* _WHAT IS NEEDED_
From the data, copy out every line in which the word "with" appears.

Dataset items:
== Segment start ==
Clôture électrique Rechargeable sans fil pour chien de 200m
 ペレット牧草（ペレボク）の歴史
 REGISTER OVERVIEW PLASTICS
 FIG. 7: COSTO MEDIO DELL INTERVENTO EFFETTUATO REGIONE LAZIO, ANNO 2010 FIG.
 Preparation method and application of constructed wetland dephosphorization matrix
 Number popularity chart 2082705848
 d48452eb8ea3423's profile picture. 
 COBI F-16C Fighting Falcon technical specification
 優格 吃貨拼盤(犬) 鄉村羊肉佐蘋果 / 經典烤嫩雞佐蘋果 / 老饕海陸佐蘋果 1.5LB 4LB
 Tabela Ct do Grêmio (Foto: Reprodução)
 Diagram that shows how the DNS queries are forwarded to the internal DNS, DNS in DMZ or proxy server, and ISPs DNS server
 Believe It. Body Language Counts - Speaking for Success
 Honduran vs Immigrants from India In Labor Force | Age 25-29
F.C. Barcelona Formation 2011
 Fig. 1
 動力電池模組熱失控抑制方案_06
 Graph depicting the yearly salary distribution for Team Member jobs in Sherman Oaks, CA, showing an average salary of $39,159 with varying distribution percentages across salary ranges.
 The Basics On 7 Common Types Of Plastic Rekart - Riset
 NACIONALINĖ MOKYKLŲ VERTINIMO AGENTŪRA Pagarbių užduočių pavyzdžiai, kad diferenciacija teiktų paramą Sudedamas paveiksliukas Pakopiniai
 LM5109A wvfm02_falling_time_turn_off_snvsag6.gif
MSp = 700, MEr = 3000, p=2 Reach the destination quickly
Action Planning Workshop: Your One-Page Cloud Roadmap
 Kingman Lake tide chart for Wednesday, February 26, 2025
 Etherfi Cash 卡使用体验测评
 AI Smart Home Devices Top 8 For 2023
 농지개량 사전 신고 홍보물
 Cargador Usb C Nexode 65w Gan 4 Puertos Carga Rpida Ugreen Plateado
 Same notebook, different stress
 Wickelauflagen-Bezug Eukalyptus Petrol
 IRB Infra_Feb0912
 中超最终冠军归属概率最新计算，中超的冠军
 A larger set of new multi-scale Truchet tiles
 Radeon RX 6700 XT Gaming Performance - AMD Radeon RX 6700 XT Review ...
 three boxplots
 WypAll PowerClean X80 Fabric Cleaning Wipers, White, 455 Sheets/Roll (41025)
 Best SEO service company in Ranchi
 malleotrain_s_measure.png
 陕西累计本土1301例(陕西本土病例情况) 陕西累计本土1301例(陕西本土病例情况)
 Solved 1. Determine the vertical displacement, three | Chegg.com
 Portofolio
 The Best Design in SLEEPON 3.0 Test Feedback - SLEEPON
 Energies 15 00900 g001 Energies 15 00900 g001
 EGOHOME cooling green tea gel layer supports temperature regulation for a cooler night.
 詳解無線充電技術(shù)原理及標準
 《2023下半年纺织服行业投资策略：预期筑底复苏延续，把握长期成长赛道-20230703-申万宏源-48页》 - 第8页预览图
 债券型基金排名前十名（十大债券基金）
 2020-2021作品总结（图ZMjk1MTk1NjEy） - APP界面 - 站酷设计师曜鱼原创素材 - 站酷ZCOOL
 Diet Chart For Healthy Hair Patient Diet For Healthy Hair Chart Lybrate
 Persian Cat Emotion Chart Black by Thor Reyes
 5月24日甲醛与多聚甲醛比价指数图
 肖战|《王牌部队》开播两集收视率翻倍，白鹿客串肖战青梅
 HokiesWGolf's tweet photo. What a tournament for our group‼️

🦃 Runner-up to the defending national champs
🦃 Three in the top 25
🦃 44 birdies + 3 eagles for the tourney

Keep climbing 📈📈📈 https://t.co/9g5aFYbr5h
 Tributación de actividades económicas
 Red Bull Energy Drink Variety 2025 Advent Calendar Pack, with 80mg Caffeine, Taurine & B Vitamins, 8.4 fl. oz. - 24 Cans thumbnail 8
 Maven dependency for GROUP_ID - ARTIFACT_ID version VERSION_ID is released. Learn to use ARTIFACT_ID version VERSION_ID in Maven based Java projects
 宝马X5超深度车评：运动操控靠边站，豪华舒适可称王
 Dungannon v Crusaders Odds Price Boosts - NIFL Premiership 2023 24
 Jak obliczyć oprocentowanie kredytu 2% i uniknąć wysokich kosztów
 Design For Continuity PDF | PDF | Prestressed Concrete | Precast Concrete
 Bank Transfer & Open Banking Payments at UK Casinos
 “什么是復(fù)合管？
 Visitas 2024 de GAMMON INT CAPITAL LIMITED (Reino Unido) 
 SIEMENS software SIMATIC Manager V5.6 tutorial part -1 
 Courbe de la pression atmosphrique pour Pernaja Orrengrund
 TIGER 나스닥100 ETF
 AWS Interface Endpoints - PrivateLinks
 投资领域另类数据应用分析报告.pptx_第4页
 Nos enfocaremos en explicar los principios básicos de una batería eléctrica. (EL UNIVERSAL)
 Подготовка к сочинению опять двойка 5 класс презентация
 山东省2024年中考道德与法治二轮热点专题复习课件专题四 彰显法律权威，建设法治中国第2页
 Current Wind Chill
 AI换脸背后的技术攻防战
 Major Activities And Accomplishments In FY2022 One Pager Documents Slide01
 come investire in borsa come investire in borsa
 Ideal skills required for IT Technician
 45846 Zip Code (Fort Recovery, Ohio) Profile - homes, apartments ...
== Segment end ==
* _EXPECTED ANSWER_
 Graph depicting the yearly salary distribution for Team Member jobs in Sherman Oaks, CA, showing an average salary of $39,159 with varying distribution percentages across salary ranges.
 Red Bull Energy Drink Variety 2025 Advent Calendar Pack, with 80mg Caffeine, Taurine & B Vitamins, 8.4 fl. oz. - 24 Cans thumbnail 8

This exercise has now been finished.